I thought this error was related to an unexpected access to a shared memory and analyzed the process with Nsight System , but didnt'  find anything valuable .
So I updated the GPU drivers and reinstalled CUDA and gave it a try again, but this time the CUDA kernel abruptly stops (That is what I think is happening) which causes the  program exit in the middle of the execution without any error logs or any errors on the console.

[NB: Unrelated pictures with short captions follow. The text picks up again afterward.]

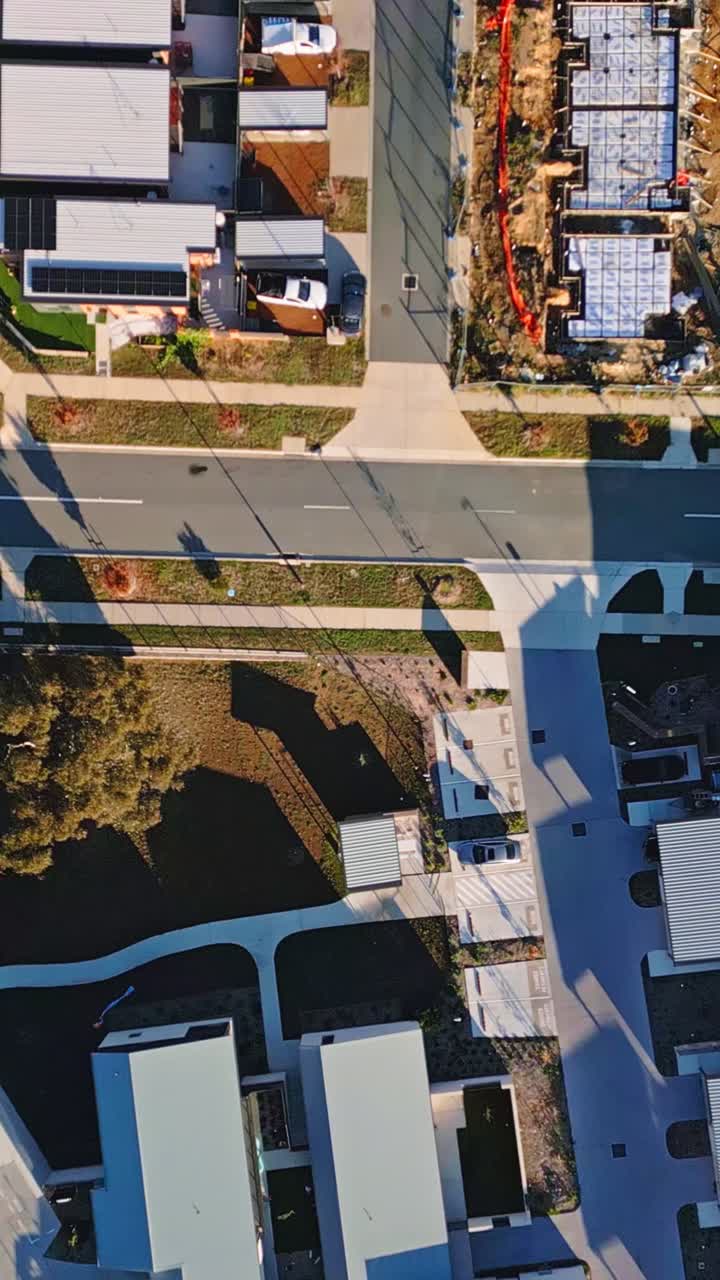 Vertical drone top down shot over newly built townhouses in Whitlam, Canberra. Modern housing development addressing Australia's housing crisis with high-density residential construction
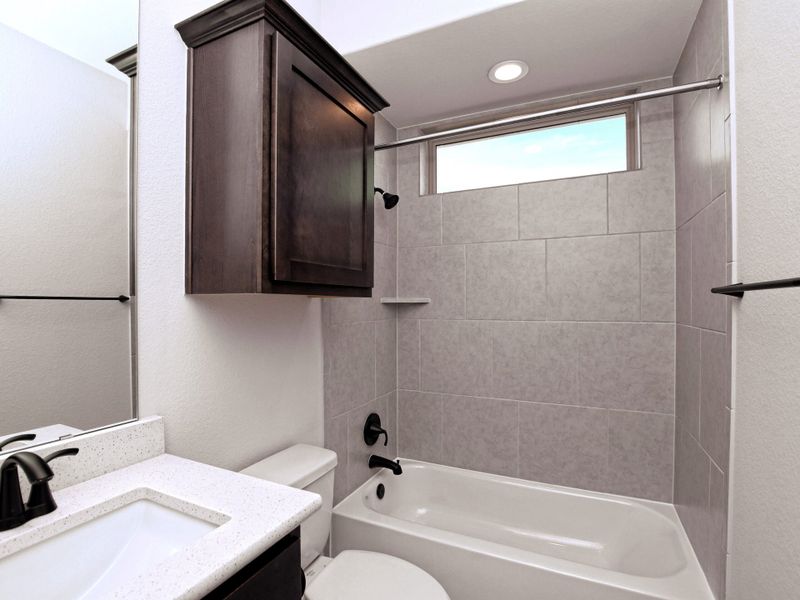 Representative furnished interior of a home built from the Emerald II by Giddens Homes in Riverstone, Georgetown (Image 14).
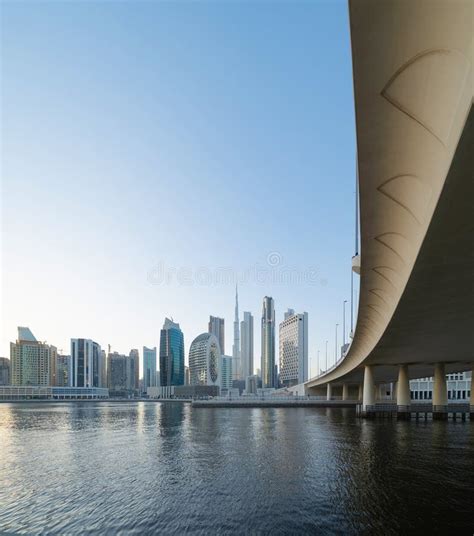 Burj Khalifa With Lake Or River And Bridge In Dubai Downtown Skyline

I am not sure what to do or what exactly is happening.
please help me out with this ,
Cheers (:
vernal shale
vestal current
#

Well I thought the same , but it is working with the same GPPU I chose form colab

#

when I checked the memory access using Nsight I found that the same memory address was accessed at the same time by two processes, maybe that is the issue ?

rose furnace
terse locust
#

So two processes are accessing the same block of memory in the GPU? Are you allocating the memory being used correctly?

vestal current
#

maybe the GPU monitoring software is interfering with the process

#

I have this software from alienware which controls the lighting and allows overclocking for the GPU installed in my pc as it is an alienware , maybe that is the cause of this issue ?

rose furnace
#

Well software should keep to its own memory part allocated 🤔

#

at least in the ram, since it has a offset based on the memory allocated.

vestal current
#

I have no Idea on how to software allocates memory

#

technically It should only be monitoring the temps and clk of the GPU , unless it is trying to do something else !?

rose furnace
#

What software are you using to train?

vestal current
rose furnace
#

cli in which language?

#

because if you wrote it yourself it might be in unsafe memory space

rose furnace
#

@vestal current which language you write in ? 🤔